My latest trip to Ennerdale Water, in the Lake District, has yielded its usual crop of spectacular views and intriguing questions (see “Reflections from Ennerdale’s far side”). This time, my curiosity was piqued by lush growths of green algae at several locations around the lake shore. The knee-jerk reaction to such growths is that they indicate nutrient enrichment but I am always sceptical of this explanation, as lush green growth are a common sight in spring (see “The intricate ecology of green slime …”) and these often disappear within a month or two of appearing.
Two points of interest: first, the lake seems to be lagging behind the River Ehen, which flows out of Ennerdale Water. We often see these lush growths of algae on the river bed in winter but by this time of year the mass of algae there is lower than we saw in the lake littoral. Second, the lake bed looks far worse (see photograph below, from the north-west corner of the lake) than the actual biomass suggests.
Filamentous algae (Ulothrix aequalis) smothering cobble-sized stones in the littoral zone of Ennerdale Water, April 2017.
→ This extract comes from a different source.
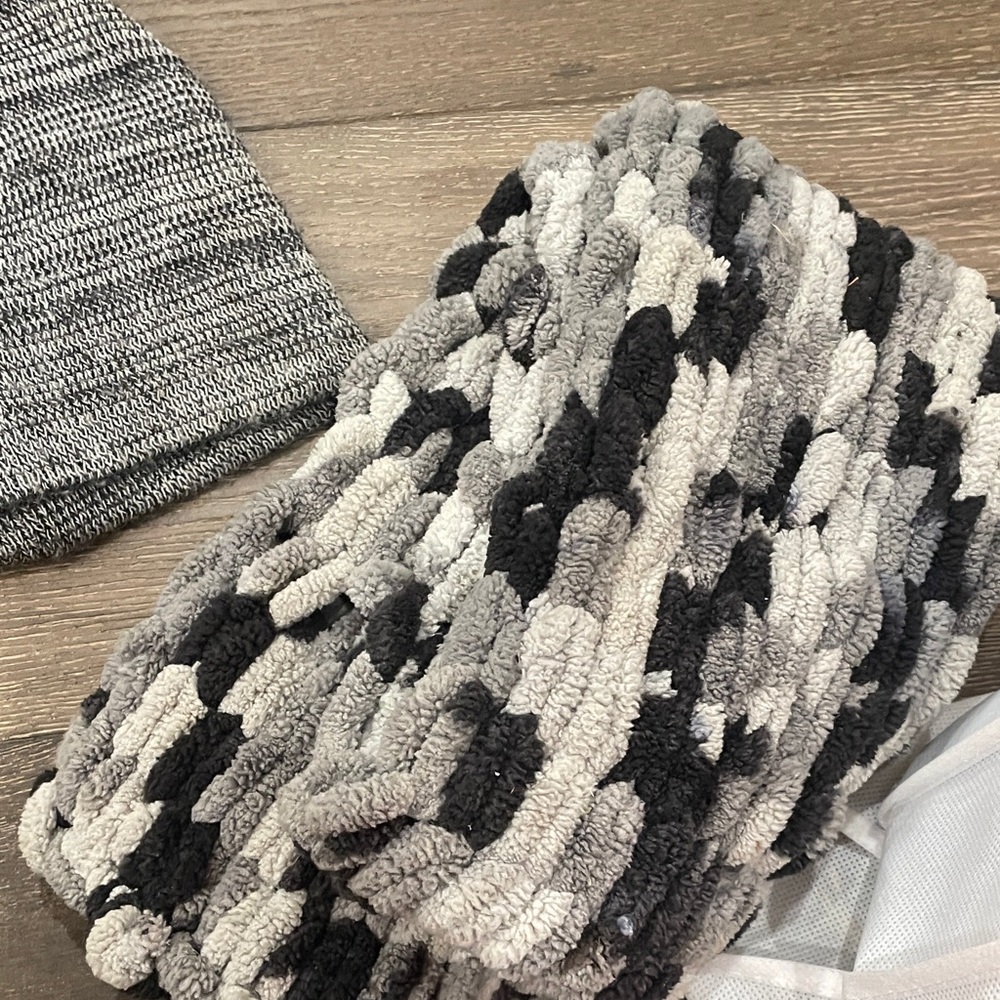 Carhartt Gray Kids Beanie Bundle - Picture 15 of 15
Under the microscope, this revealed itself to be unbranched filaments of a green algae, whose cells each contained a single band-shaped chloroplast lapping around most of the perimeter. This is Ulothrix aequalis, a relative of Ulothrix zonata, which I wrote about a few times last year (see link above). Like U. zonata, this species is very slimy to the touch and, I suspect, the payload of mucilage adds to the buoyancy of the organism and means that we look down on a fine mesh of filaments which trap light and add to the unsightly appearance of the lake bed at this point. That this part of the lake shore is close to a tributary stream draining some improved pasture triggers some suspicions of agricultural run-off fuelling the algal growths but, looking back at my notebook, I see that the lake bed was almost clear of green algae when we visited this location in July last year. I suspect that a return visit this summer would also show a clean river bed. Appearances can often be misleading (see “The camera never lies?”).
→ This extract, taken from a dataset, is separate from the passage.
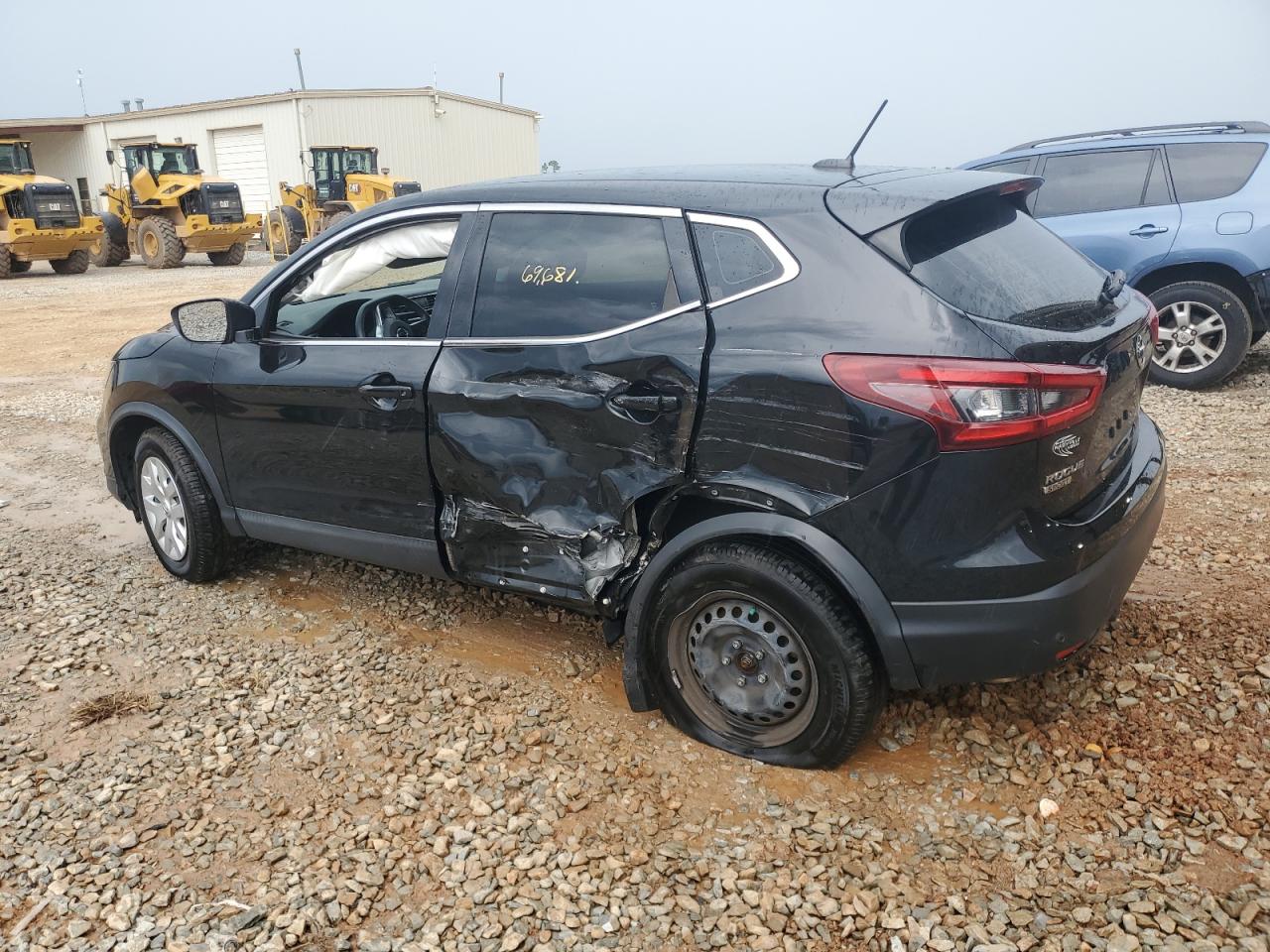 NISSAN ROGUE SPORT S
Ulothrix aequalis from the littoral zone of Ennerdale Water, April 2017. Scale bar: 10 micrometres (= 1/100th of a millimetre).
This was not the only site that we visited that had conspicuous growths of green algae, though the mass of algae was greatest here. All of the sites at the western end had these growths (see “A lake of two halves” for an explanation of geological differences within the lake) but, curiously, the genus of alga that we found differed from site to site. In addition to Ulothrix aequalis in this corner of the lake, we found Mougeotia on the south side and Spirogyra close to the outfall. This diversity of forms is, itself, intriguing, and I have never read a convincing explanation of what environmental conditions favours each of these genera. I see both spatial and temporal patterns of green algae in the River Ehen too and, again, there is no satisfactory explanation for why the species I find can differ along short distances of the river and between monthly visits.